_Activity_:
Every picture is to be removed, and all the data is to be copied exactly.

___ Given records

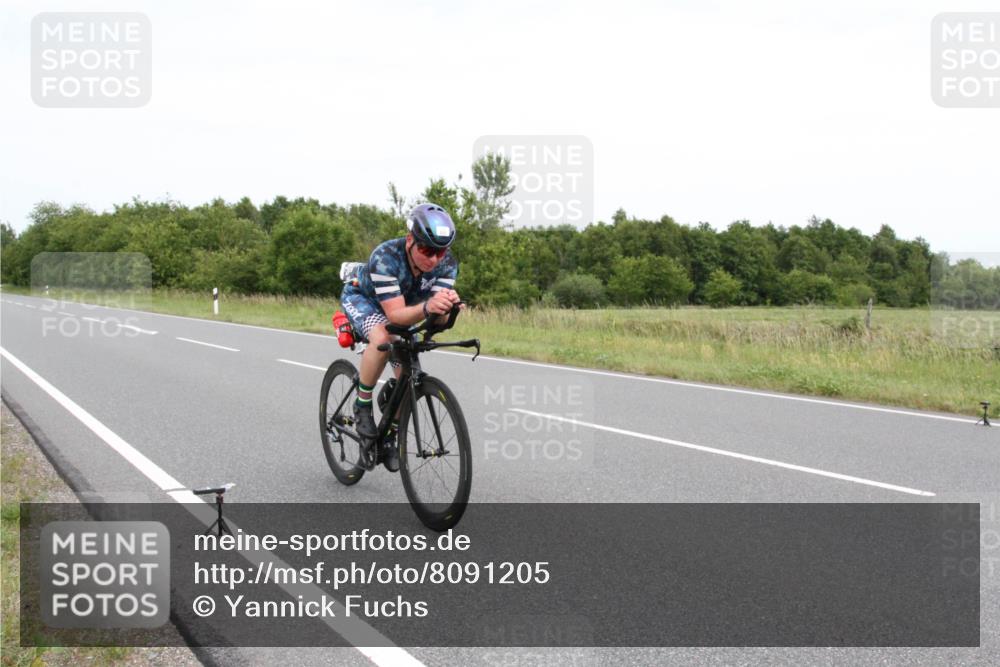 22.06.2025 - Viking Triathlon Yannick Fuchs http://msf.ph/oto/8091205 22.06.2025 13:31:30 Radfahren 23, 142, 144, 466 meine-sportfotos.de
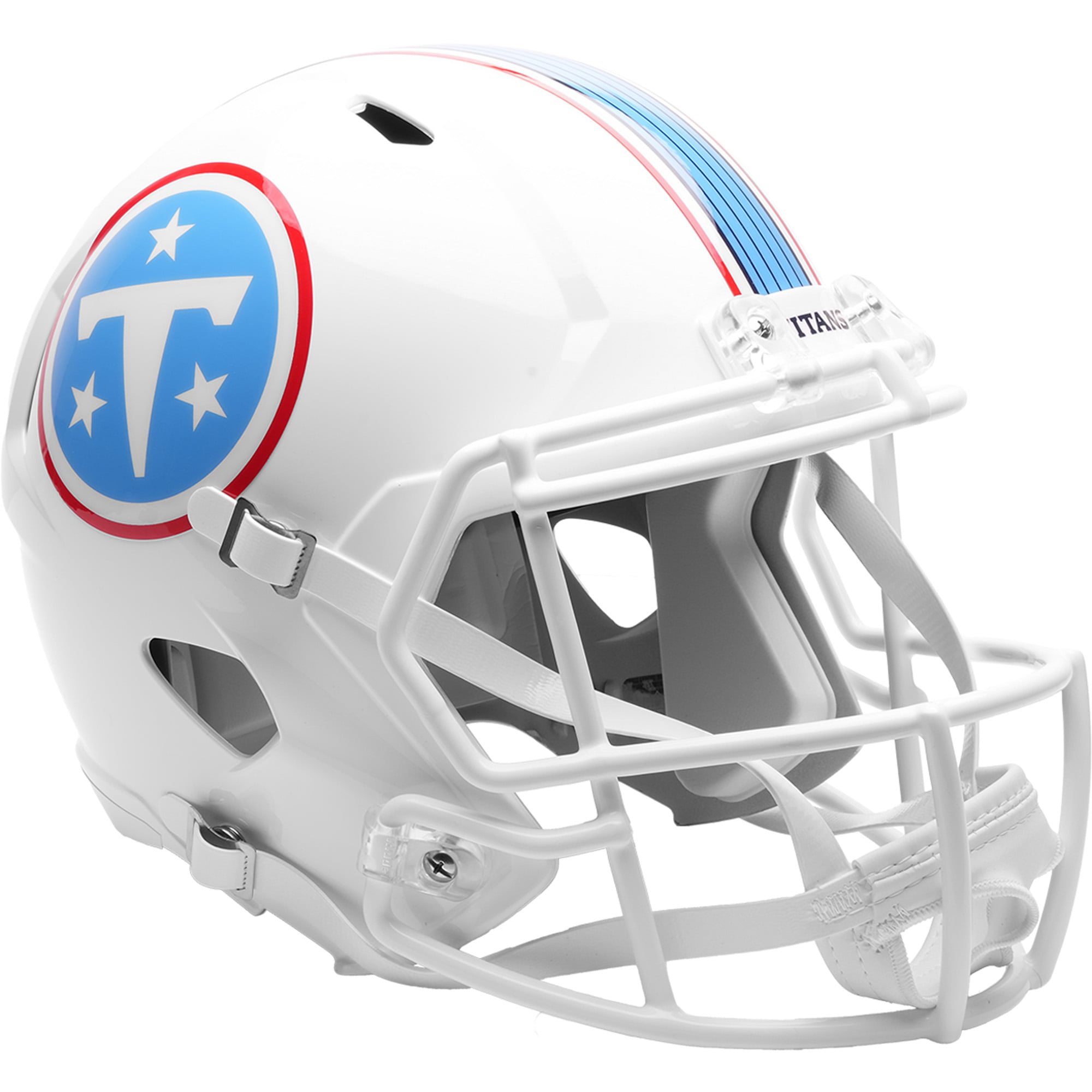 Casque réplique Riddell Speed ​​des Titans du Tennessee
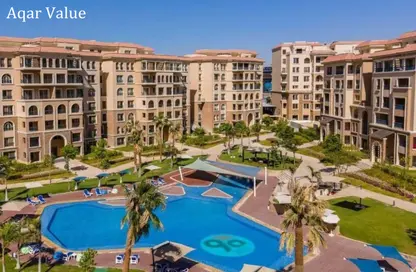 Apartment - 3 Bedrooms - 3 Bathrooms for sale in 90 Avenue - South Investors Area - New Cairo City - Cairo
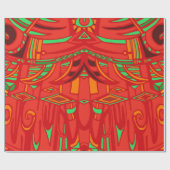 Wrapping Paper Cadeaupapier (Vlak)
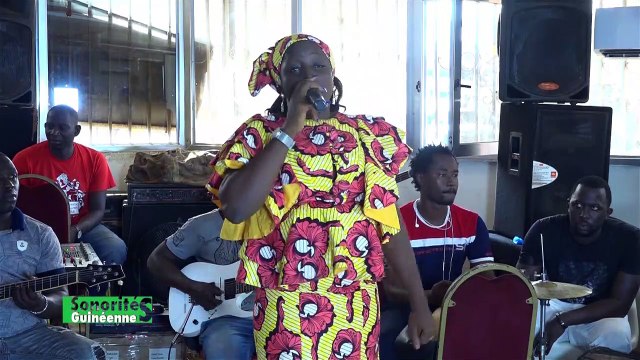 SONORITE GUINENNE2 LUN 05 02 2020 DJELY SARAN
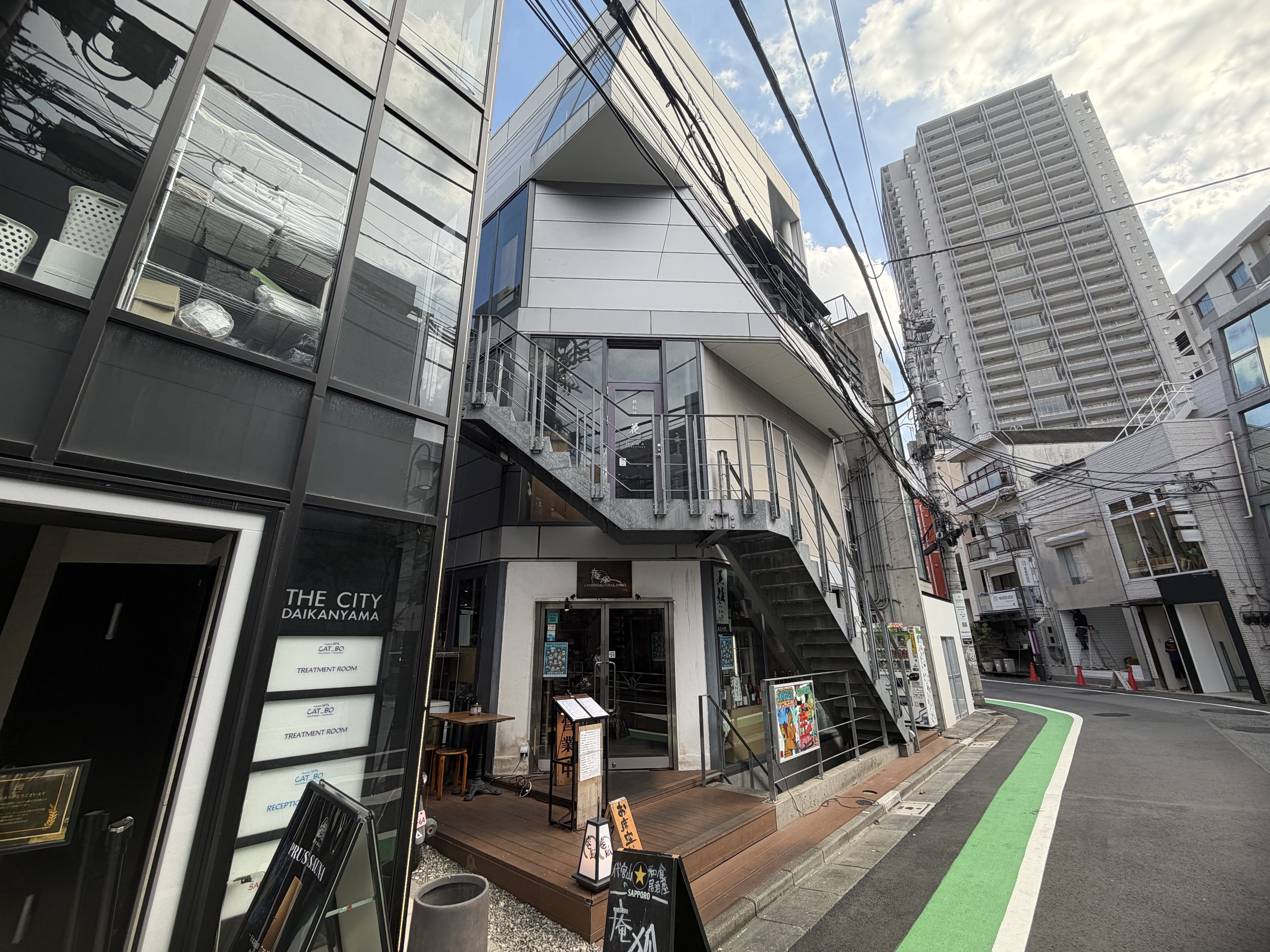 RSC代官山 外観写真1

______

_Task result_:
 22.06.2025 - Viking Triathlon Yannick Fuchs http://msf.ph/oto/8091205 22.06.2025 13:31:30 Radfahren 23, 142, 144, 466 meine-sportfotos.de
 Casque réplique Riddell Speed ​​des Titans du Tennessee
 Apartment - 3 Bedrooms - 3 Bathrooms for sale in 90 Avenue - South Investors Area - New Cairo City - Cairo
 Wrapping Paper Cadeaupapier (Vlak)
 SONORITE GUINENNE2 LUN 05 02 2020 DJELY SARAN
 RSC代官山 外観写真1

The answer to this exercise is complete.